5 de enero

20 de diciembre, 2015 - 3:34 pm
Redacción Diario Qué Pasa

El 23 de enero del año 58 del siglo pasado, el pueblo trabajador venezolano, siguiendo la propuesta y la orientación del Partido Comunista de Venezuela se conforma en Junta Patriótica, y echa de la usurpación del poder a la tiranía  cívico militar, encabezada por el sátrapa Marcos Pérez Jiménez.

Rómulo Betancourt y Rafael Caldera, se encaramaron sobre la Junta Patriótica, excluyeron al PCV, a URD, y a otras organizaciones políticas del Pueblo venezolano; se robaron la victoria popular del 23 de enero; firmaron el Pacto de Nueva York, luego Pacto de Punto Fijo, o acuerdo de alternabilidad democrático-burguesa del poder para sí, entre AD y Copei, y que duró 40 años: el pueblo fue sometido a otra tiranía, la más larga de todas, esta vez civil, protegida por los militares de la Escuela de las Américas, el Fondo Monetario Internacional, el Banco Mundial, el Banco Interamericano de Desarrollo, la OEA, la UNU, y todas la organizaciones pertenecientes a la dictadura capitalista y guerrerista  del imperialismo yanqui.

El 5 de enero de 2016 los mismos enemigos del Pueblo trabajador venezolano, herederos del Betancourtismo, entregado a la política imperialista del garrote, y del calderismo, hoy evolucionado hacia el fascismo más descarnado, van a intentar, usurpar el poder originario, constituyente, y expresión máxima del gobierno supremo que «reside intransferiblemente en la Soberanía Popular, de la cual emanan todos los órganos del Estado, y a ella están sometidos», (Art. 5 CRBV).

Subidos sobre una victoria de estafa al electorado, mediante técnicas de desgaste en la aplicación de todo tipo de sufrimientos, vejación, humillación y robo de los salarios en los supermercados, abastos, tiendecitas; en la procura de cualquier servicio público o privado, fueron electos por sus propias víctimas, como mayoría calificada de la nueva Asamblea Nacional; los mismos que pusieron a sufrir al pueblo trabajador venezolano, dueño del gobierno supremo, acusando siempre como culpable a la revolución bolivariana, su víctima expiatoria, hasta ahora.

A partir del 5 de enero, el adequismo más rancio, en un pugilato con el fascismo, nacido de la secta «Tradición, Familia y Propiedad», desde la Asamblea Nacional, se disponen conculcar todos los poderes del Estado, que el preámbulo de nuestra constitución, define como «de Derecho, y de Justicia».

Casi 2 millones de compatriotas que apoyan a la Revolución Bolivariana, y que siempre votaron por ella, no fueron a votar confundidos por el sufrimiento y la anarquía en el intercambio económico de los dueños de la MUD, escondidos detrás de la manito. Ahora esos hermanos de clase están arrepentidos, y claros en la certeza de que fueron estafados por la promesa de un «cambio» para Venezuela; hoy saben, que ese cambio es hacia la conculcación de todos las conquistas, que en materia de derechos humanos habían logrado los gobiernos de Chávez  y Maduro a favor del Pueblo trabajador venezolano, que hoy comienza a  movilizarse como Soberanía Popular.
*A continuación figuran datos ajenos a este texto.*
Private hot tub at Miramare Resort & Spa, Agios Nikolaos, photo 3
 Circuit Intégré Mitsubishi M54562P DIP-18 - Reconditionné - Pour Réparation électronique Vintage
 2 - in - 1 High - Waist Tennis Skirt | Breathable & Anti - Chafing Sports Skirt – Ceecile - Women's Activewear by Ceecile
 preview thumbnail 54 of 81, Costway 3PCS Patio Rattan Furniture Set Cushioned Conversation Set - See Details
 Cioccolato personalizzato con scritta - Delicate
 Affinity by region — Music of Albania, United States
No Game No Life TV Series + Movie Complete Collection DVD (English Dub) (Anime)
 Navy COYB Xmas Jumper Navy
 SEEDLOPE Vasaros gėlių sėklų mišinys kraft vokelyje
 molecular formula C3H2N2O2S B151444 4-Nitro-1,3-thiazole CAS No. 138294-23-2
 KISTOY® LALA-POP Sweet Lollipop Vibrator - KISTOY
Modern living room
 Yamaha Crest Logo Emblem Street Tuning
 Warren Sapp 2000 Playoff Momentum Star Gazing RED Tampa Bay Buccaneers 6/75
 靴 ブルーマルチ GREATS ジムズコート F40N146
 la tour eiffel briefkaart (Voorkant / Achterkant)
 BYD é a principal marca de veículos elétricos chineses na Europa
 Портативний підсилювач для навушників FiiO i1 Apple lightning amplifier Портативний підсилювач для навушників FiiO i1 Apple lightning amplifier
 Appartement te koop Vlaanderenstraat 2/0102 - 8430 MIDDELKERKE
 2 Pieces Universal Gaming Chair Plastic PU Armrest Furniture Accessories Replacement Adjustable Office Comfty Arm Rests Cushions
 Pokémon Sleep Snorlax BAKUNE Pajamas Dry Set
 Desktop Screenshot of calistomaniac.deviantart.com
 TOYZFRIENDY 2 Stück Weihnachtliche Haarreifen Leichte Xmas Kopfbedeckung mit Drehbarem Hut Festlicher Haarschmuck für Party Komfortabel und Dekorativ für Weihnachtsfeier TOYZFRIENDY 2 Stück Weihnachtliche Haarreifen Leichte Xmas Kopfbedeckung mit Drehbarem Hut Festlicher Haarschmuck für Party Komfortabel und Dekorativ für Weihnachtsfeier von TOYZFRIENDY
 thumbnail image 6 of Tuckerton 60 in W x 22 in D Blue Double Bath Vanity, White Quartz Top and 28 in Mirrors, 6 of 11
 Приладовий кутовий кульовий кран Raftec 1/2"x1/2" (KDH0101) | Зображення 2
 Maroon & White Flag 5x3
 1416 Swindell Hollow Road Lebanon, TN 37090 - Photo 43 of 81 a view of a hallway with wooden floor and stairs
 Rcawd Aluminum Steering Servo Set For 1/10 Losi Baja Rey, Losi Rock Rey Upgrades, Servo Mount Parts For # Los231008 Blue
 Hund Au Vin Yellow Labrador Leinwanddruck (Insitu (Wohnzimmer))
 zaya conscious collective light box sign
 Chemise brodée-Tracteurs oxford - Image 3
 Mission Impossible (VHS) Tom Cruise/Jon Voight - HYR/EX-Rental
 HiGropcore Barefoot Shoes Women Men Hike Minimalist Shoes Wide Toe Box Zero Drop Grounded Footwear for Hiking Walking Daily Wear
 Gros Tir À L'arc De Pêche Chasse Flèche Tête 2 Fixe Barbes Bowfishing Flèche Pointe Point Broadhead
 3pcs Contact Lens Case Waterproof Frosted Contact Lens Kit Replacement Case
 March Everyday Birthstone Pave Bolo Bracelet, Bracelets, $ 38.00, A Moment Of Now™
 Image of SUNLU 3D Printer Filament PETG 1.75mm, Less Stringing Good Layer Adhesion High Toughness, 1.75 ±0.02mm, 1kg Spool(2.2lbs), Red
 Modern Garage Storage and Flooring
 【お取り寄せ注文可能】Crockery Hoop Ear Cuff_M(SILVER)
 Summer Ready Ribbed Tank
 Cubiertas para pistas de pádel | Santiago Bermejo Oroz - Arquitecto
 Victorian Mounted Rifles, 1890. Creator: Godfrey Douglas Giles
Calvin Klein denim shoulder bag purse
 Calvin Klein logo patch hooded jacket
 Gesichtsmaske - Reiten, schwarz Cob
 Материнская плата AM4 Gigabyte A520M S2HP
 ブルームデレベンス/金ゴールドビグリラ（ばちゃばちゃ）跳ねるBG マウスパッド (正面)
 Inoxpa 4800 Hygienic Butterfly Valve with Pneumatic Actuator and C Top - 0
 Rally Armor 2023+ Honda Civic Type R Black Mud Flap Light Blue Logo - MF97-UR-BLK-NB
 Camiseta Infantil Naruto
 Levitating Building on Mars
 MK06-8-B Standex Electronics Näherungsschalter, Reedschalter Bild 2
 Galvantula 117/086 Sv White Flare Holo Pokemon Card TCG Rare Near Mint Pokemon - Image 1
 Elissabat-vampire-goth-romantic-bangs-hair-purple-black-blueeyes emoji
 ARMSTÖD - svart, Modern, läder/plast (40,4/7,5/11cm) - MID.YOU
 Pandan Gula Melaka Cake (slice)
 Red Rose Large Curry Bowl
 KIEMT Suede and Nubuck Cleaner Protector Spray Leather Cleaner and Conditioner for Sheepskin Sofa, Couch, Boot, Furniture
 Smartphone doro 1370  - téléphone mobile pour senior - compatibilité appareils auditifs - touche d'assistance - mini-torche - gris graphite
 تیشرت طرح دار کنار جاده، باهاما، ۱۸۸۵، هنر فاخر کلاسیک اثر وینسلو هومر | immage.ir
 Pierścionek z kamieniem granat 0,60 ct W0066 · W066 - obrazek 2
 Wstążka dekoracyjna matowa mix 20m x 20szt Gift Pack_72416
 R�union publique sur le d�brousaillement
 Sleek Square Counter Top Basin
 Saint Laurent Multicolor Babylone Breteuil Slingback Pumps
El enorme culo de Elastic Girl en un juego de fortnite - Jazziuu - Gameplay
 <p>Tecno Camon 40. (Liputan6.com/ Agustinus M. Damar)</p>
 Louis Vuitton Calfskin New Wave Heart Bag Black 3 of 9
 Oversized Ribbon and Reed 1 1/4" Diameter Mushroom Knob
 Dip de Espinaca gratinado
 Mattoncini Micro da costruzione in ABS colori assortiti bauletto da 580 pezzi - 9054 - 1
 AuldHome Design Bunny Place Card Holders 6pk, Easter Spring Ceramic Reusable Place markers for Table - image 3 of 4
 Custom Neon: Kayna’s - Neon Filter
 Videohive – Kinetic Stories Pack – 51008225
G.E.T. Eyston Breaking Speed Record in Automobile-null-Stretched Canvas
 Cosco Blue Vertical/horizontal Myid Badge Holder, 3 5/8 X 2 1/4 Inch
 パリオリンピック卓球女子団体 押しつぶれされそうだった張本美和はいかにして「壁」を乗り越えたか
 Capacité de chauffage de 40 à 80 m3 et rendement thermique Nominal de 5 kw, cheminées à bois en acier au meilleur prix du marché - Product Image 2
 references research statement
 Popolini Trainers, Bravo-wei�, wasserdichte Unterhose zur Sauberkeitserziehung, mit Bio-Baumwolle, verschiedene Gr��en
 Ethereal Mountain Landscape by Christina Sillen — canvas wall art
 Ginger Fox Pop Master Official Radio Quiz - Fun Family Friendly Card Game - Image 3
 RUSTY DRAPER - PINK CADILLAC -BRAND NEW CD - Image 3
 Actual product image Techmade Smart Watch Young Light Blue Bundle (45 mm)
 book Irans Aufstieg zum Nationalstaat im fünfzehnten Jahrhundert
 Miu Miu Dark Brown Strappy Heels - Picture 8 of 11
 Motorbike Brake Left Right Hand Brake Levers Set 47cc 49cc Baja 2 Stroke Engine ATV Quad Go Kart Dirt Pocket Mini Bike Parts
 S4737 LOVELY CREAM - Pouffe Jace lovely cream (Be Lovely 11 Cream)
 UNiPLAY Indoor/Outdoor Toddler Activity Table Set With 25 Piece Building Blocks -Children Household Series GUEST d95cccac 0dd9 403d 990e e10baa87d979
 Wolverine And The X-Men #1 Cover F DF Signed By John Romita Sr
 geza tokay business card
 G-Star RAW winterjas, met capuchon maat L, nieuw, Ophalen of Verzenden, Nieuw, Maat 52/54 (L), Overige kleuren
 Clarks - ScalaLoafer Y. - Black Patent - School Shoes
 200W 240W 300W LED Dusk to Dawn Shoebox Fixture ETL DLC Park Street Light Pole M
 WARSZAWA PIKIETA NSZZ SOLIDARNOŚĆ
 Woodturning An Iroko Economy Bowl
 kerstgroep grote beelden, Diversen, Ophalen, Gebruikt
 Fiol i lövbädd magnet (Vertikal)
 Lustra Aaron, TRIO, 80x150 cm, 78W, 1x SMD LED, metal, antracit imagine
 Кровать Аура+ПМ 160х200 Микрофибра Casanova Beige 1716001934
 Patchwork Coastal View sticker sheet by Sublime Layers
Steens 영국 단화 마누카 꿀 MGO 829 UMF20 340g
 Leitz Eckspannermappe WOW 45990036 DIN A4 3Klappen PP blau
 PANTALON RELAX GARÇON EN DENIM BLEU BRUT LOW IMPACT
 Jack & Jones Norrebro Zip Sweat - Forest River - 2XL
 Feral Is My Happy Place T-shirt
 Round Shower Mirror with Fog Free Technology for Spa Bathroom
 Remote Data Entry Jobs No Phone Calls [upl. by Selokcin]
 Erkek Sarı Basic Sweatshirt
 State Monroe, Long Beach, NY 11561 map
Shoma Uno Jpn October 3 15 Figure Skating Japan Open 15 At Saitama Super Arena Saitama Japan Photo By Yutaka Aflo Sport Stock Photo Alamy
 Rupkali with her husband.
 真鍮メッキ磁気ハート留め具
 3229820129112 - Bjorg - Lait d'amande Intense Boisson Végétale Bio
Esos compatriotas que no fueron a votar, hoy arrepentidos, se suman a los 5, 6 millones de camaradas que si fueron a votar por sus intereses clase, intereses que la señora Cipriana Rojas, presidenta de Consecomercio,  ha vejado e insultado  desde Globovisión, sumando un poco más de 7,5 millones que configurados como pueblo soberano, con la constitución, puño en alto, no le vamos a permitir a los mandaderos del Imperialismo, atentar contra el principio de progresividad de los derechos humanos que ha obtenido, en dura lucha, el soberano de Venezuela. (Art.19, CRBV).